Google’s DNS protocol extension and CDNs

There have been a number of interesting new developments in the content routing space recently — specifically, the issue of how to get content to end-users from the most optimal point on the network. I’ll be talking about Cisco and Juniper in a forthcoming blog post, but for now, let’s start with Google:

A couple of weeks ago, Google and UltraDNS (part of Neustar) proposed an extension to the DNS protocol that would allow DNS servers to obtain the IP address of the end-user who originally made the request. DNS is normally recursive — the end-user queries his local DNS resolver server, which then makes queries up the chain on his behalf. The problem with this is that the resolver is not necessarily actually local — it might be far, far away from the user. And the DNS servers of things like CDNs use the location of the DNS query to figure out where the user is, which means that they actually return an optimal server for the resolver’s location, not the user’s.

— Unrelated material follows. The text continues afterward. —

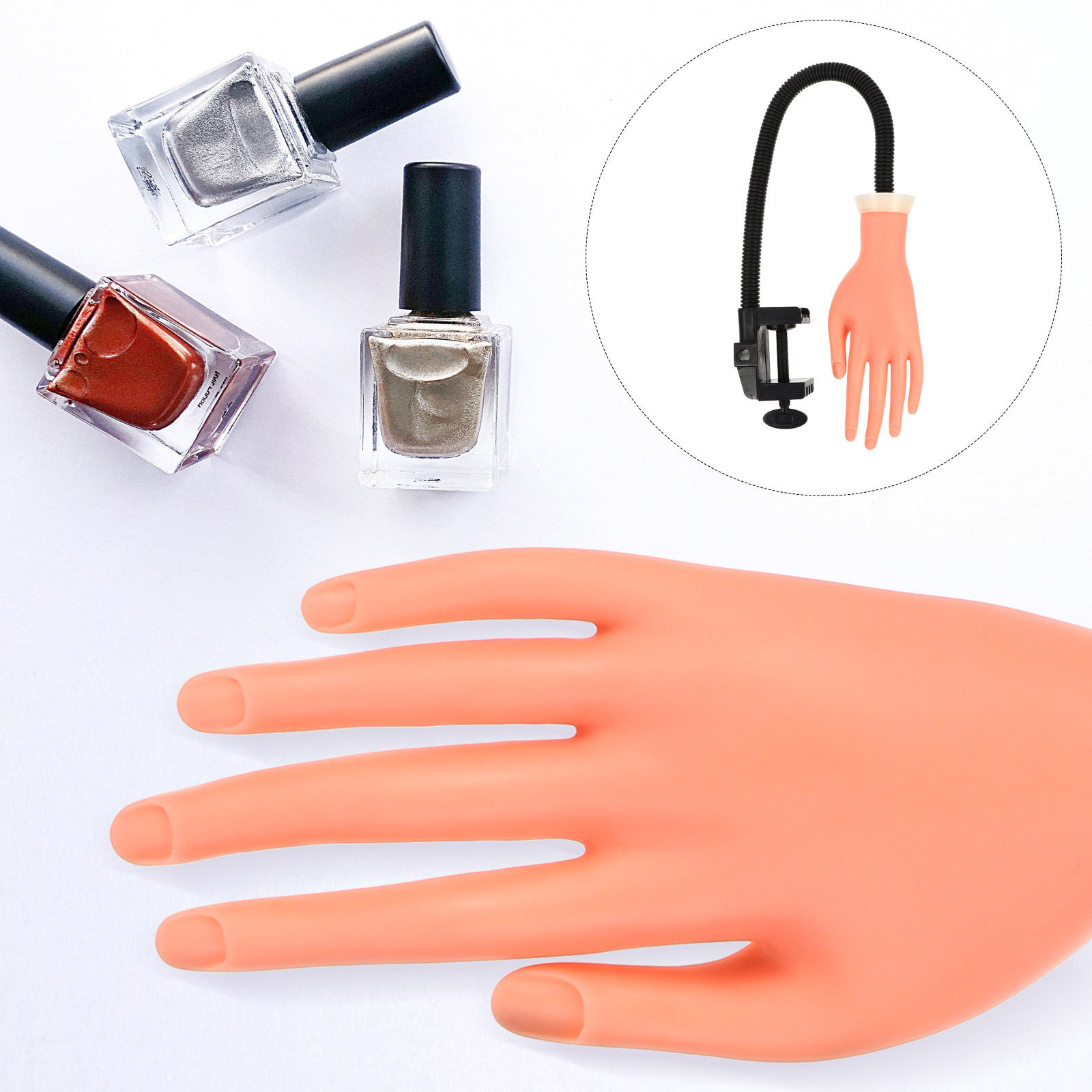 Nail Art Fake Nails - Flexible Practice Fake Hand for Manicure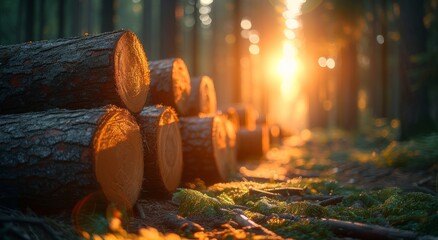 Nature's firewood basks in the morning light, ready to warm the forest with its radiant heat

I wrote about this problem in some detail about a year and a half ago, in a blog post: The nameserver as CDN vantage point. You can go back and look at that for a more cohesive explanation and a look at some numbers that illustrate how much of a problem resolver locations create. The Google proposal is certainly a boon to CDNs as well as anyone else that relies upon DNS for global load-balancing solutions. In the ecosystem where it’s supported, the enhancement will also give a slight performance boost to CDNs with more local footprint, by helping to ensure that the local cache is actually more local to the user. The resolver issue can, as I’ve noted before, erase the advantages of having more footprint closer to the edge, since that edge footprint won’t be used unless there are local resolvers that map to it. Provide the user’s IP, though, and you can figure out exactly what the best server for him is.

There’s no shortage of technical issues to debate (starting with the age-old objection to using DNS for content routing to begin with), and privacy issues have been raised as well, but my expectation is that even if it doesn’t actually get adopted as a standard (and I’m guessing it won’t, by the way), enough large entities will implement it to make it a boon for many users.